(Dataset entries)
--*--

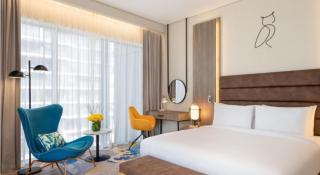 Hotel Signature Stayz By Grand Villa Near IGI Delhi Airport - 5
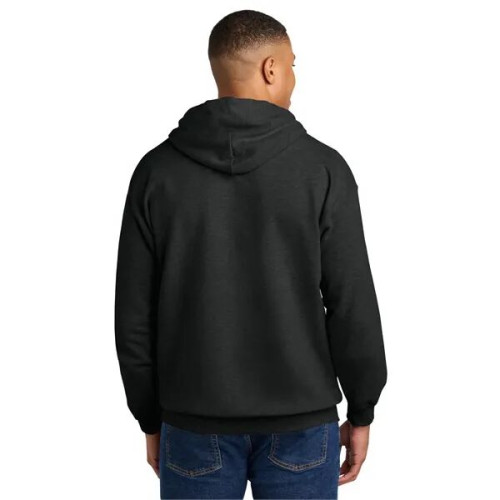 Gildan Softstyle Midweight Pullover Hooded Sweatshirt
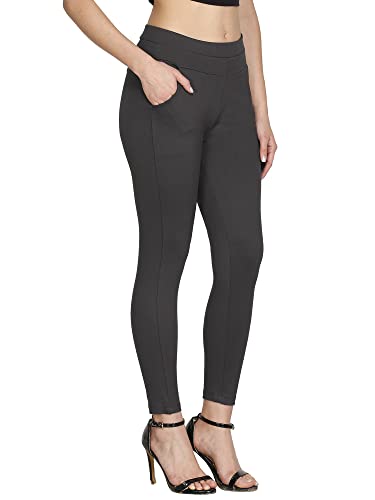 Image of Glossia Women's Skinny Pants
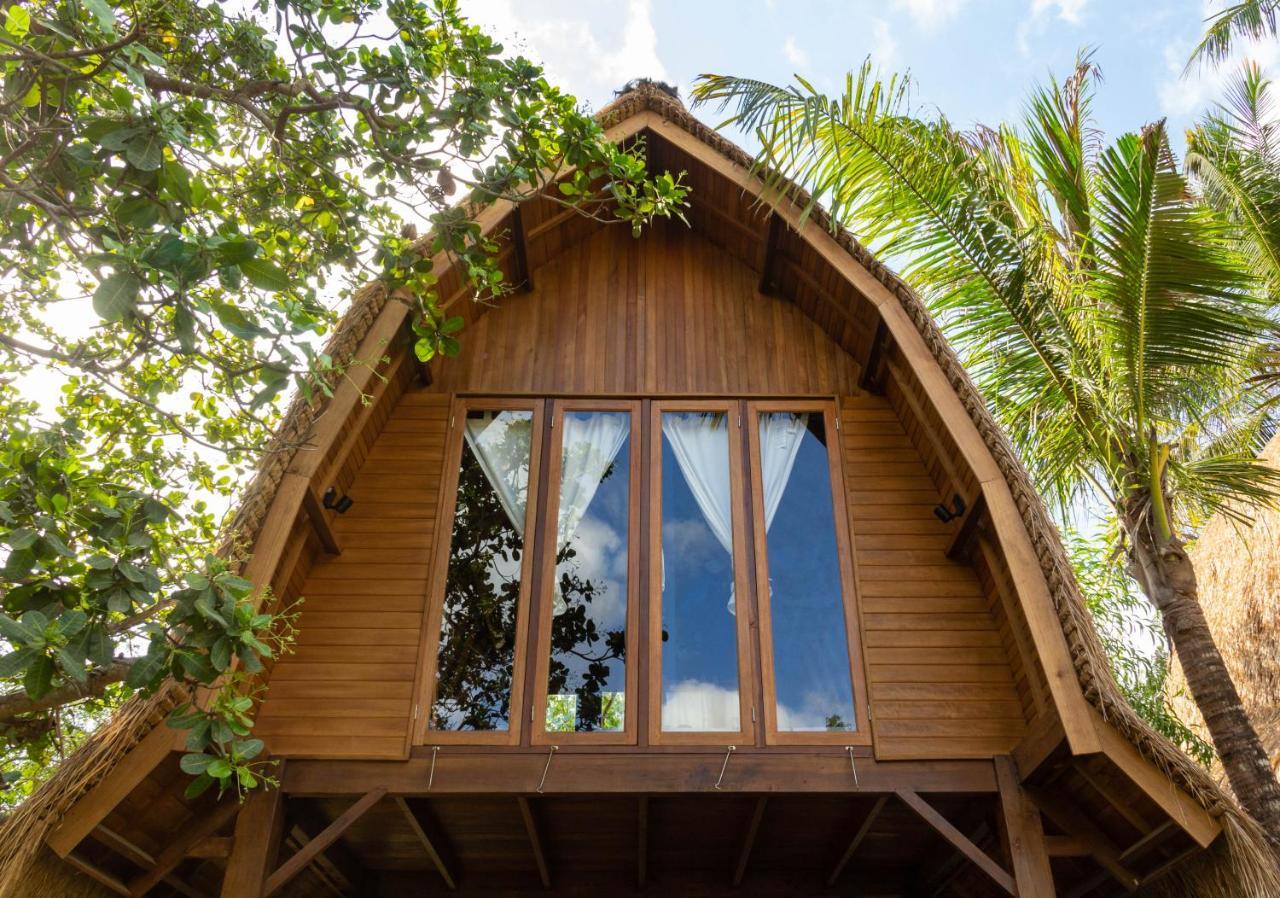 Majango Bungalows Kuta  Bagian luar foto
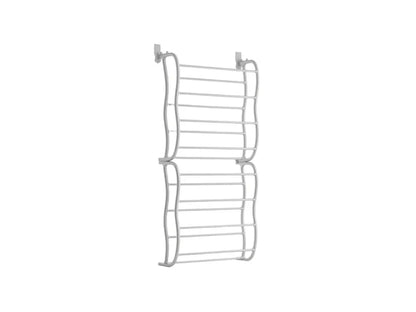 HomeStack – Vertical Space Saving Shoe Storage Rack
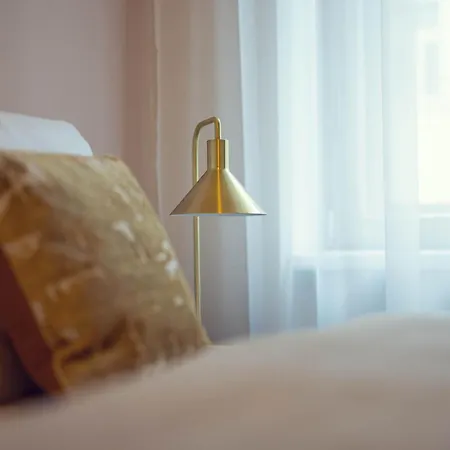 Leonart Living 24 Διαμέρισμα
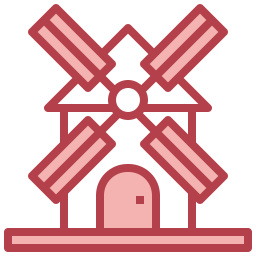 windmühle icon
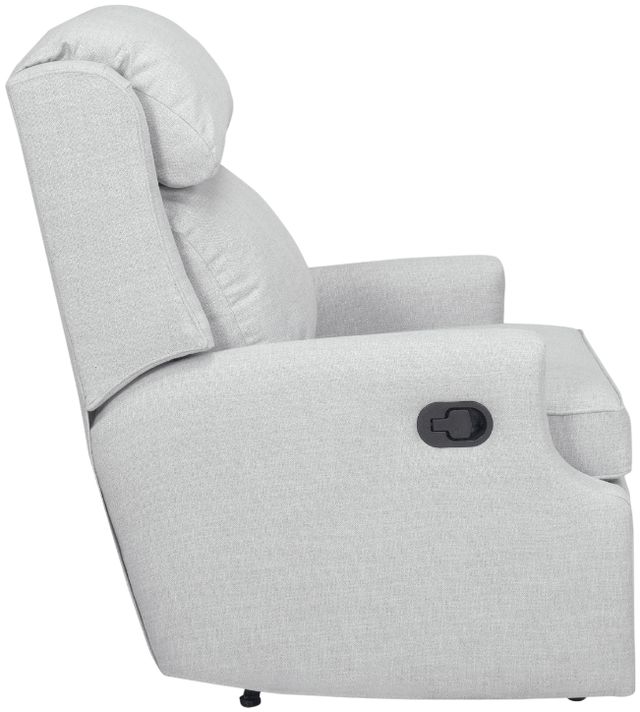 Temple Furniture Customizable Maverick Manual Recliner-1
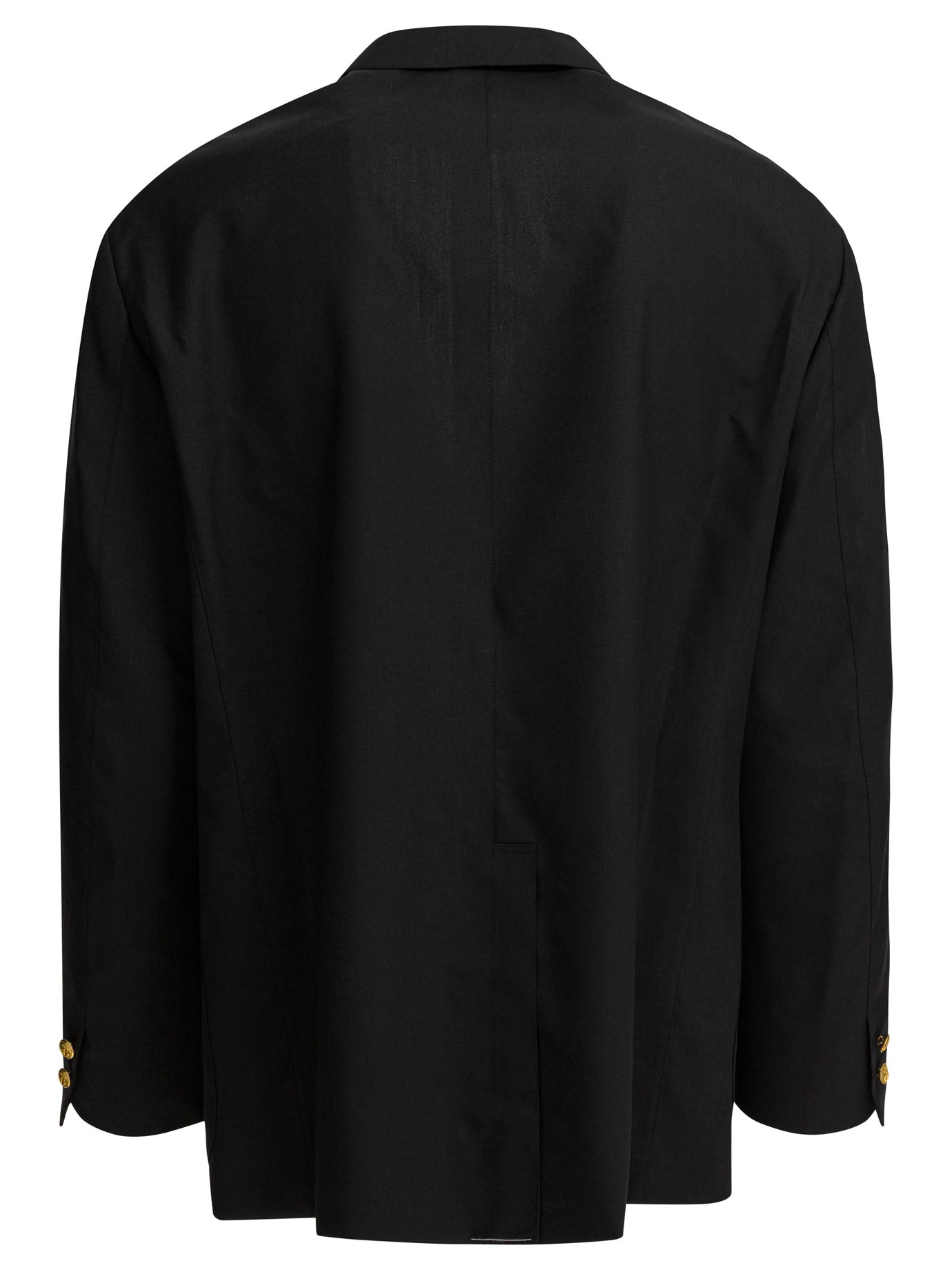 Wool blazer Jackets and Coats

--*--

» **Aim of the exercise**
Output the records exactly. Drop the images.

» **Solution to this task**
 Hotel Signature Stayz By Grand Villa Near IGI Delhi Airport - 5
 Gildan Softstyle Midweight Pullover Hooded Sweatshirt
 Image of Glossia Women's Skinny Pants
 Majango Bungalows Kuta  Bagian luar foto
 HomeStack – Vertical Space Saving Shoe Storage Rack
 Leonart Living 24 Διαμέρισμα
 windmühle icon
 Temple Furniture Customizable Maverick Manual Recliner-1
 Wool blazer Jackets and Coats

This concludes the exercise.